• _Aim of the exercise_: Set down a true copy of the data, with all pictures left out.

• _Dataset section_:

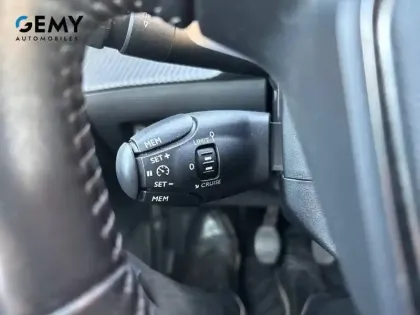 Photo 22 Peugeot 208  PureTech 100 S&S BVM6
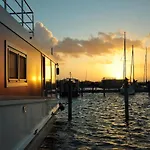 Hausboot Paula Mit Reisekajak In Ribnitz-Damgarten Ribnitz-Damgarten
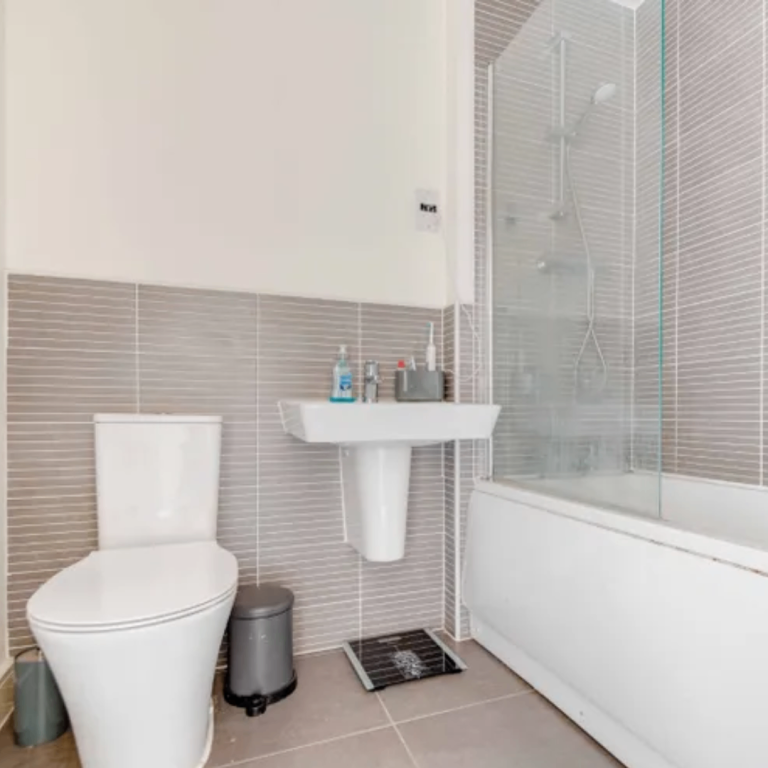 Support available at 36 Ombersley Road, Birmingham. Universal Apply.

• _Your solution_:
 Photo 22 Peugeot 208  PureTech 100 S&S BVM6
 Hausboot Paula Mit Reisekajak In Ribnitz-Damgarten Ribnitz-Damgarten
 Support available at 36 Ombersley Road, Birmingham. Universal Apply.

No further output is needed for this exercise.